Enter your figures into each field on the calculator and the tool should instantly determine how much your repayments will be during the honeymoon period and how much they’ll be once your rate reverts to the standard variable rate. You should also be shown a graph that shows your timeline for paying it off.
Paying off your honeymoon mortgage faster
With the help of a good honeymoon loan calculator you can also figure out how much sooner you can pay off your mortgage by paying a little more than just the minimum.
Some calculators will show you exactly how much your payments will be and how much interest you can expect to pay on your home loan. However, there are some that will also allow you to enter any additional payments you’ve budgeted for. These types of extra payment calculators can be ideal if you intend to make higher payments during the cheap honeymoon rate period, as you can see clearly how much sooner you’ll repay your debt and how much interest you’re able to save.
Let’s assume that Jane has a mortgage of $300,000. She’s signed up for a two-year honeymoon rate at just 4.5%. After the first two years at the low rate, the standard variable rate reverts to 5.49%.
Jane inputs her figures into a honeymoon loan calculator and sees how much lower her repayments will be during the introductory term. Her budget shows her that she’s able to pay an additional $100 per month off her mortgage right from day one.
By paying this extra amount of money, the calculator shows her she’s able to pay off her mortgage three years and four months sooner. She also saves $41,373.79 in interest charges over the term of the loan.
Lump sum extra repayments
Not everyone has the available cash to spare in their budget to make additional payments every month. However, if you know you’re likely to get a Christmas bonus from work or a nice tax return, you can still make a one-off lump sum payment towards your mortgage.

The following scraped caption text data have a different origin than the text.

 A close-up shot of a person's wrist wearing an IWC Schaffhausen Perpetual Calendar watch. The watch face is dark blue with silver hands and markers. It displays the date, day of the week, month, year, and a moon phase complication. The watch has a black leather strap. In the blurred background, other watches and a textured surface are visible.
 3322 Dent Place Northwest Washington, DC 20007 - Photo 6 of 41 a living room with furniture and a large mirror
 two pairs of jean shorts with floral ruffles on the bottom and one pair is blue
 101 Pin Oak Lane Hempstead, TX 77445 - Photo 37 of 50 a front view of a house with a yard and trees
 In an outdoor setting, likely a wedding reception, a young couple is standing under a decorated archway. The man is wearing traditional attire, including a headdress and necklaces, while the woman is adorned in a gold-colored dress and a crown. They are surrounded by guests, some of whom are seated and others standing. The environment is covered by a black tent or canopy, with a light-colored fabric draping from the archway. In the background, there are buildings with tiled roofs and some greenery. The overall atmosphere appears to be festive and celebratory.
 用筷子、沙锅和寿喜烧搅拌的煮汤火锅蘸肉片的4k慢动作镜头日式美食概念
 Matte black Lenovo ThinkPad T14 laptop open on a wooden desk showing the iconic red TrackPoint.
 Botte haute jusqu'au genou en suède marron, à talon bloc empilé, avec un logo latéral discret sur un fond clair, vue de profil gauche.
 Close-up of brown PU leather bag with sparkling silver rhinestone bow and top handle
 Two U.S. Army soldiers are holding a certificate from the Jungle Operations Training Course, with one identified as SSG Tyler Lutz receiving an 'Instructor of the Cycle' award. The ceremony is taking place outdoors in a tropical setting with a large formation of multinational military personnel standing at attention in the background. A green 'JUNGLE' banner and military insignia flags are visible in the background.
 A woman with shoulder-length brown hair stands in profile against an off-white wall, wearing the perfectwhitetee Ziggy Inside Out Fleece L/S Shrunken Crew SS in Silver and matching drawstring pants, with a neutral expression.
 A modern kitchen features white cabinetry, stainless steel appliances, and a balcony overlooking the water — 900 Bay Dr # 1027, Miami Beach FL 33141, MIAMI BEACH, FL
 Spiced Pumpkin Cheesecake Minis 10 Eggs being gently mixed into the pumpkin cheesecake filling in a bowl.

Using a honeymoon loan calculator that gives you the option to include a lump sum extra repayment at a specified point of the loan is the ideal way to help you save money.
Jane still has the same $300,000 home loan amount and is still opting for the 4.5% honeymoon rate for the first two years. She knows the rate will revert to the standard variable rate of 5.49% once the introductory rate expires.
She also knows she’s likely to receive $3000 on her tax return in 11 months. She intends to use all of this as a lump sum extra payment towards her mortgage.
Using a good honeymoon loan calculator, she can see that her minimum payments are within her budget. She can also see that the lump sum payment only reduces her loan term by almost a year. However, she can see that she saves almost $5000 in interest over the term by contributing that lump sum.
Honeymoon rate comparison calculator
This tool is extremely valuable if you want to compare whether a honeymoon rate on your home loan will save you more money than choosing a discounted variable rate home loan instead.
The object behind these calculators is to work out the interest you’ll pay over the term of your loan for two different types of home loans. This gives you a clearer indication of which loan is better suited to your needs.
Jane has applied for a mortgage with a balance of $300,000. She likes the idea of the honeymoon rate at 4.5% that lasts for the first two years and she knows that the rate will revert to 5.49% once the introductory period ends. However, she also has the option of a discounted variable rate loan with an interest rate of just 5.08%.
Here’s how the comparisons look:
|Loan #1||Loan #2|
|Honeymoon Term||2 years||n/a|
|Total loan term||30 years||30 years|
|Monthly account fee||$8 per month||n/a|
|Total Interest Paid over Loan Term||$608,271.00||$585,559|
In this example, the discounted variable rate home loan ends up being $22,712 cheaper over the term of the loan than the honeymoon rate loan. Jane never would have realised this if she hadn’t taken the time to input her numbers into a good calculator before making her decision.